19 April 2010

Skills and Drills

I've neglected this blog for about eight months now, but I had a realization today that inspired me to go online to chronicle it.

First, some backstory: Starting grad school has been, on the whole, wonderful. I've made friends, joined clubs, and have generally integrated really well. One aspect of this experience, however, has been difficult: my courses. First semester was challenging, but this second semester, I feel completely swamped by my workload and the expectations in my classes. It doesn't help that I'm being required to learn a new programming language as I eke through the assignments for one extremely difficult and one moderately difficult class (my third class is in my area of research, and it's cake!). For about three months now, I've been considering what life would be like if I were to just get a job. I could go home at night and not worry about my work after hours; I could be making real money; I could be doing things that actually matter. There were some late nights where I was giving real thought to whether or not I will be able to finish the PhD, if I'm having so much difficulty right off the bat. I've been feeling bad about my skills, feeling way behind my classmates (even the undergrads!) and just plain feeling down.

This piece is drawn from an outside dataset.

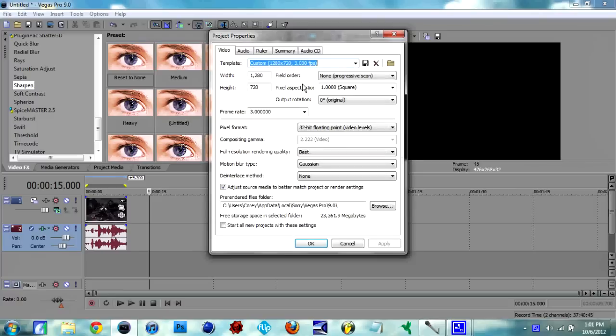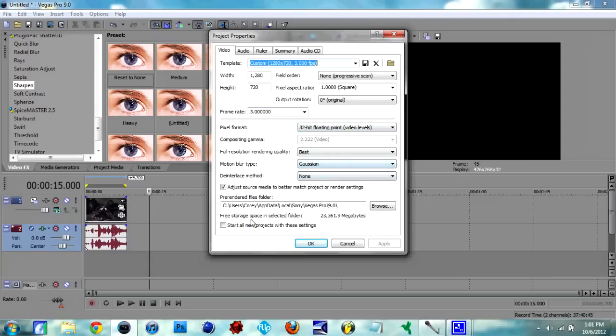Let's get into it. For the format, you want to copy all this down. Hopefully you can see this all. And frame rate, you want to have 3.0 with six zeros after that. Basically, you can see all that.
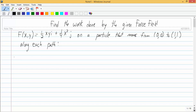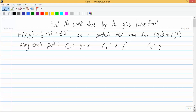Here are the different paths we're going to look at. Path C₁ where y equals x, path C₂ where x equals y squared, and path C₃ where y equals x cubed.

Today, as I was waiting for the elevator after class, it hit me: Right now, I'm being asked to do things I'm not good at (programming, in particular) and that's difficult for me, but that's not what grad school is about! In fact, grad school is about training to be a researcher, which requires much more than programming skills; it requires clear communication for writing grants and papers, a creative mind for designing experiments and working through research questions, and sociability for collaborating and sharing results. Just because I'm struggling with taking classes, does not mean I'm going to struggle through the rest of grad school. In fact, this is just a small portion of the experience, and these skills I have trouble with are not the most important ones for my future in academia. I'm getting better at programming through this experience, but even if I never become an ace programmer (and I'm fairly sure I won't), there's still a lot of hope for my career as a researcher.

Getting to that understanding was a major boost to my outlook. I feel better about myself and my place in a PhD program. And now, back to homework!